TASK INPUT Start Marker
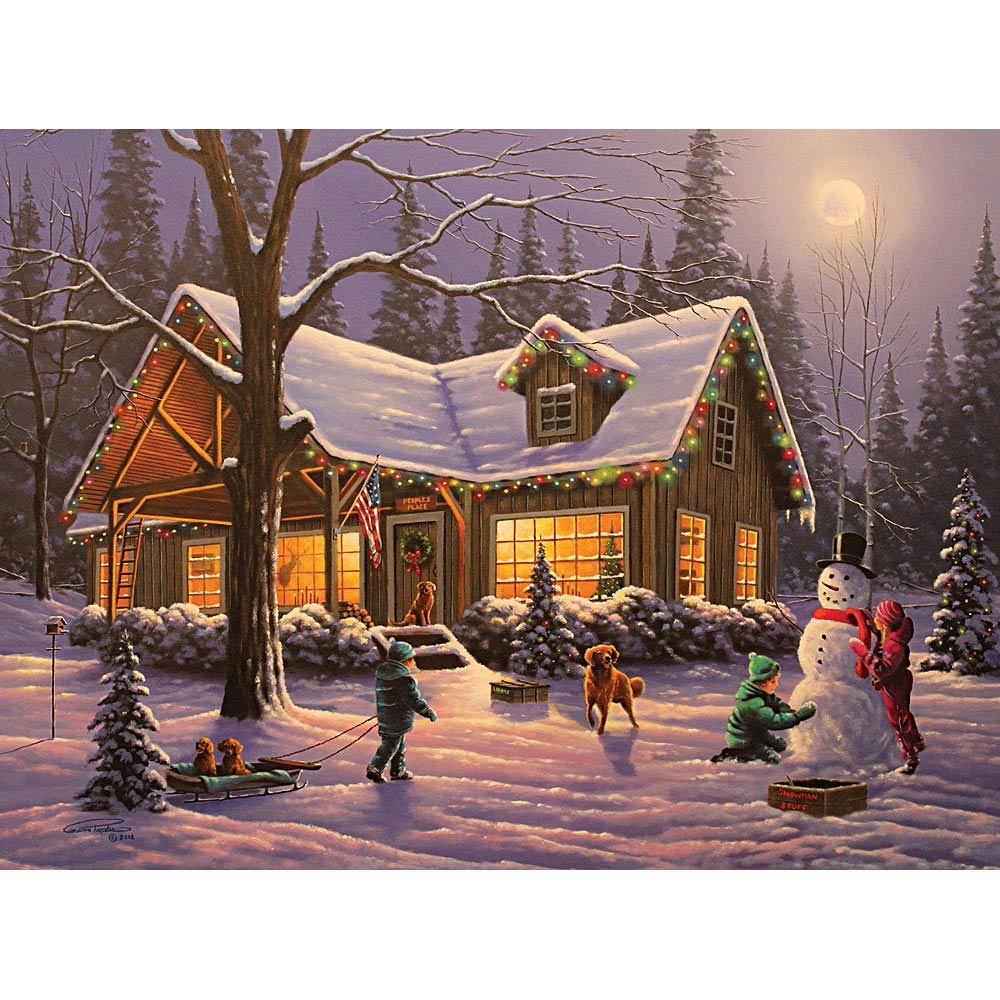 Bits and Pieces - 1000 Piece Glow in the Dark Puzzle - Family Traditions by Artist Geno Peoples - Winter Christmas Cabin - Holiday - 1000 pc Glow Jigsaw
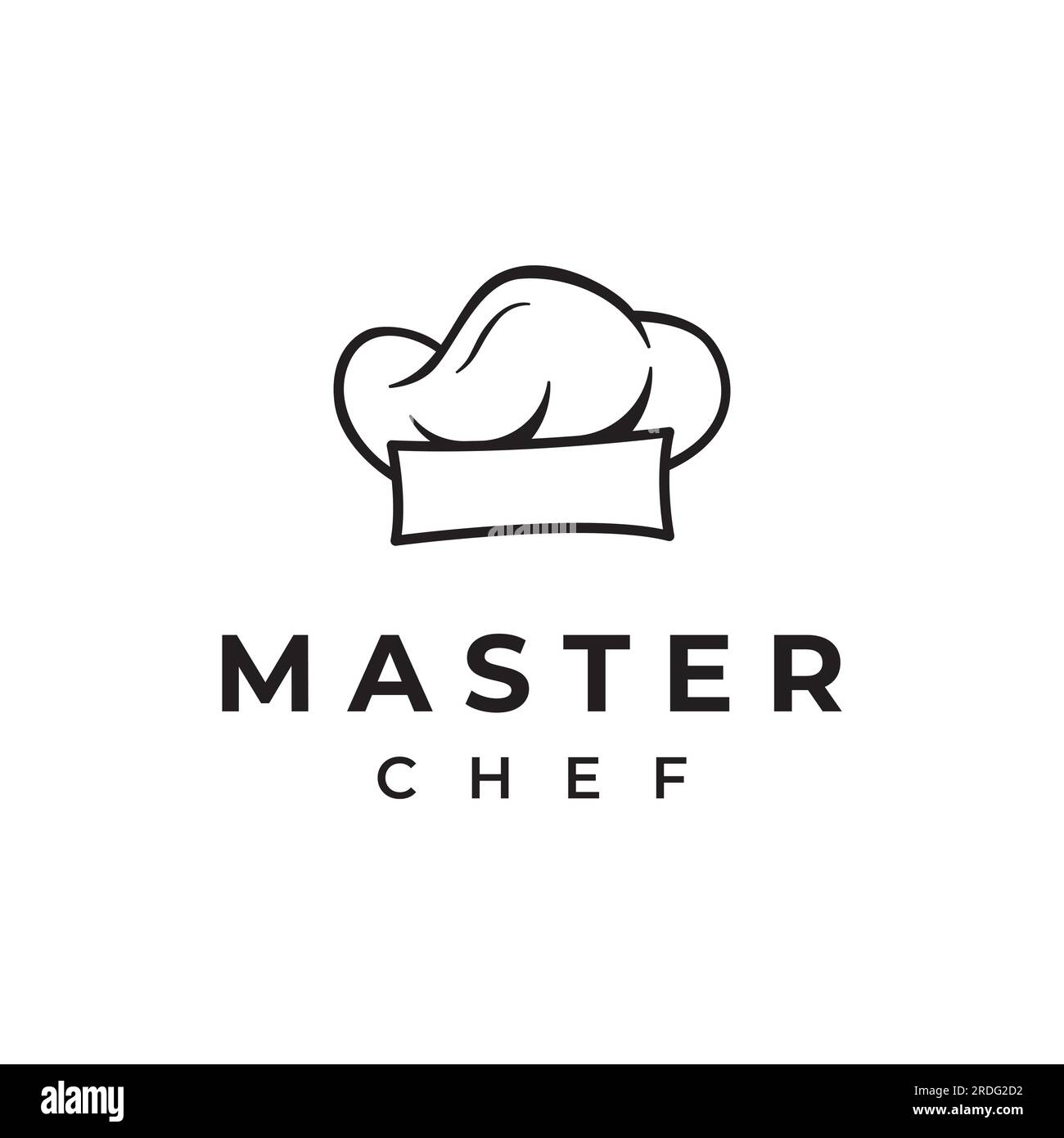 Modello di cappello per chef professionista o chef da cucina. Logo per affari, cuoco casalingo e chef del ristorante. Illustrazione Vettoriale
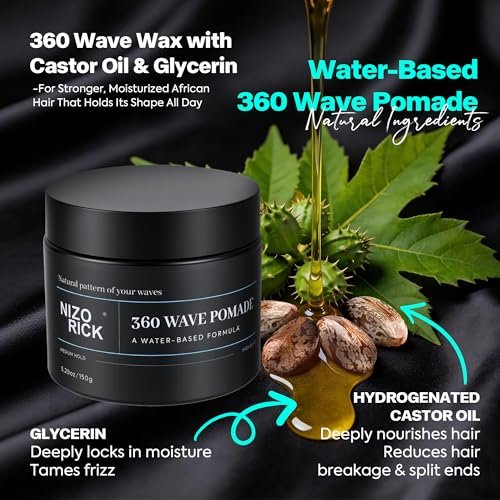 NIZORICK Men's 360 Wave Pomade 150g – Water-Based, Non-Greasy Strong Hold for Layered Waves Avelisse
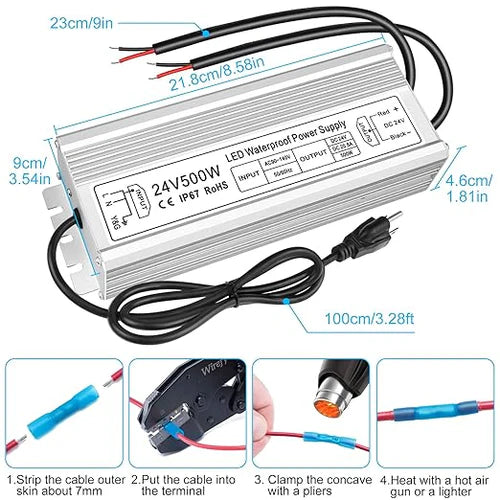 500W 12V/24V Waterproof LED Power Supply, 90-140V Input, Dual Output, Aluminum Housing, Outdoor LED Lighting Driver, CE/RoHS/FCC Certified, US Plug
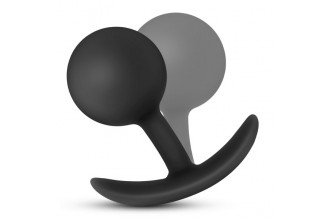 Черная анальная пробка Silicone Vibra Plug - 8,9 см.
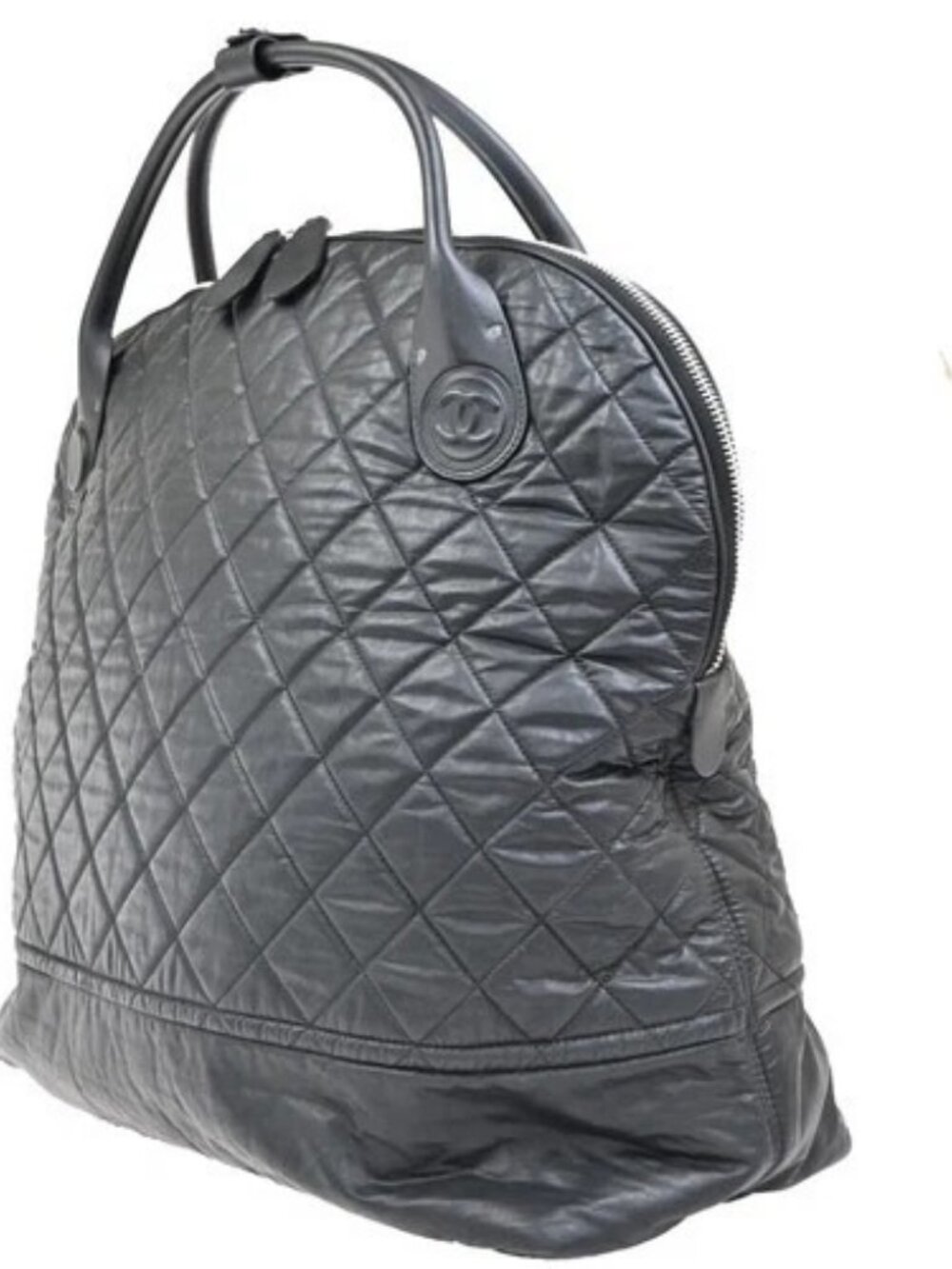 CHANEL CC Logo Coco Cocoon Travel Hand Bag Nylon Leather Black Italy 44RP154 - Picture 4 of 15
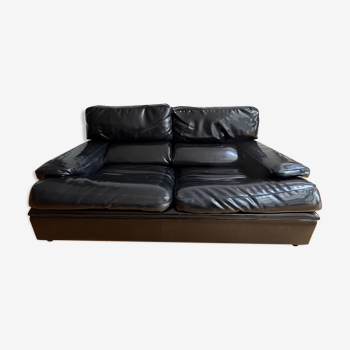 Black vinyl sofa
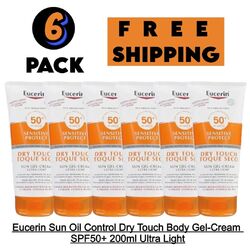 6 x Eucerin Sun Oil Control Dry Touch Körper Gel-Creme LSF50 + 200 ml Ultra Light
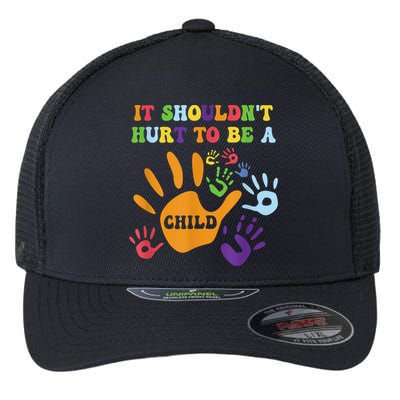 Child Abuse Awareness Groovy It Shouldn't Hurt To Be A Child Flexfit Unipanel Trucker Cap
TASK INPUT End Marker
### TASK TO COMPLETE
Your copy of the entries above must be exact and must not include pictures.

### ANSWER TO THE EXERCISE
 Bits and Pieces - 1000 Piece Glow in the Dark Puzzle - Family Traditions by Artist Geno Peoples - Winter Christmas Cabin - Holiday - 1000 pc Glow Jigsaw
 Modello di cappello per chef professionista o chef da cucina. Logo per affari, cuoco casalingo e chef del ristorante. Illustrazione Vettoriale
 NIZORICK Men's 360 Wave Pomade 150g – Water-Based, Non-Greasy Strong Hold for Layered Waves Avelisse
 500W 12V/24V Waterproof LED Power Supply, 90-140V Input, Dual Output, Aluminum Housing, Outdoor LED Lighting Driver, CE/RoHS/FCC Certified, US Plug
 Черная анальная пробка Silicone Vibra Plug - 8,9 см.
 CHANEL CC Logo Coco Cocoon Travel Hand Bag Nylon Leather Black Italy 44RP154 - Picture 4 of 15
 Black vinyl sofa
 6 x Eucerin Sun Oil Control Dry Touch Körper Gel-Creme LSF50 + 200 ml Ultra Light
 Child Abuse Awareness Groovy It Shouldn't Hurt To Be A Child Flexfit Unipanel Trucker Cap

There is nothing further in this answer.